WHAT IS REQUIRED: Using the material that follows, output exactly the lines from the one containing "Bamboo Blend Mattress" through the one containing "2' X 4' Beige", with both ends kept.

DATA EXTRACTS:

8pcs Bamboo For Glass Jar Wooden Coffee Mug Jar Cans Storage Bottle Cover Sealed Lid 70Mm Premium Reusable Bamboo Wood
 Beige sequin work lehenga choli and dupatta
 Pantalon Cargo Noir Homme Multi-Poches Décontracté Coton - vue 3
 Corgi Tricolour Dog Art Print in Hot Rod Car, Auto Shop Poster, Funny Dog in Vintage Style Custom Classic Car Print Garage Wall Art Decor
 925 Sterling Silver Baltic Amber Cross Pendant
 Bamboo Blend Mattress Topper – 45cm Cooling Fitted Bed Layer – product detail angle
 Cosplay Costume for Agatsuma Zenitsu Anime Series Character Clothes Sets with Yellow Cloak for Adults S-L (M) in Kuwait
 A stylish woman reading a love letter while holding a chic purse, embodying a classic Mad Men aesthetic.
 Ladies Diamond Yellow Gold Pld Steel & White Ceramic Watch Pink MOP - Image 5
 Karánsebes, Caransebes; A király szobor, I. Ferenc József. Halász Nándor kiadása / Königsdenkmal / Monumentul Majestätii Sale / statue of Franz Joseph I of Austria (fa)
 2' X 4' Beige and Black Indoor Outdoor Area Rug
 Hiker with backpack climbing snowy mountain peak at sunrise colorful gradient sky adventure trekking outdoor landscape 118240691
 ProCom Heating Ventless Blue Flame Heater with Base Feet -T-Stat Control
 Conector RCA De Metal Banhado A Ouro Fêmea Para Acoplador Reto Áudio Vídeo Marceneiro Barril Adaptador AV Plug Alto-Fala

SOLUTION:
 Bamboo Blend Mattress Topper – 45cm Cooling Fitted Bed Layer – product detail angle
 Cosplay Costume for Agatsuma Zenitsu Anime Series Character Clothes Sets with Yellow Cloak for Adults S-L (M) in Kuwait
 A stylish woman reading a love letter while holding a chic purse, embodying a classic Mad Men aesthetic.
 Ladies Diamond Yellow Gold Pld Steel & White Ceramic Watch Pink MOP - Image 5
 Karánsebes, Caransebes; A király szobor, I. Ferenc József. Halász Nándor kiadása / Königsdenkmal / Monumentul Majestätii Sale / statue of Franz Joseph I of Austria (fa)
 2' X 4' Beige and Black Indoor Outdoor Area Rug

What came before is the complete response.